Please check the appropriate box below, so that we, The United States Government, know why you chose to vote in the most recent election last Tuesday. Your answer will remain strictly confidential.*

? Guilt.

? A particularly factual attack ad.

? Free chocolate macadamia nut cookies from the local PTA!

? No football on Tuesday. (MOST POPULAR OPTION)

? You slowed down when you saw Henderson Dental's 40-foot tall political billboard. Then you Googled the candidate's platform and finally decided to make an illegal U-turn and go vote. All while holding up traffic on County Road E. ASSHOLE!

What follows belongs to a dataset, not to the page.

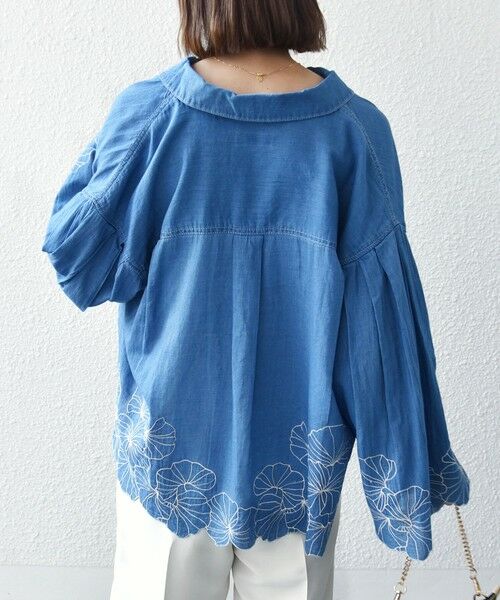 SHIPS / シップス シャツ・ブラウス | 《予約》SHIPS any:〈手洗い可能〉シアー デニム フラワー エンブロ タック シャツ | 詳細8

? To get the stupid sticker so Margaret from the office will shut up about "Civic Duty."

? Writing in "Pee Wee Herman" makes you feel alive once every two years. Sometimes four years when the election cycles line up that way 🙁 🙁

? To flirt with vulnerable wives who recently engaged in vicious political arguments with their husbands.

? You thought this was the Lays "Do Us a Flavor" vote.

? The voting booth is a nice, safe place to cry.

? Civics 301 extra credit.

? Stacy wants an Instagram of the hilarious title, "Clark County Judge Harry Dixon."

? You want to get video of an elected official committing the most hilarious gaffes for you to watch over and over at work.

Judge Harry Dixon has a big dictionary
Judge Harry Dixon also has a big dixionary.

*Maybe. Well, probably. I mean, unless we can find a good reason to use it against you. Not YOU, personally, per se, just you as a collective citizenry.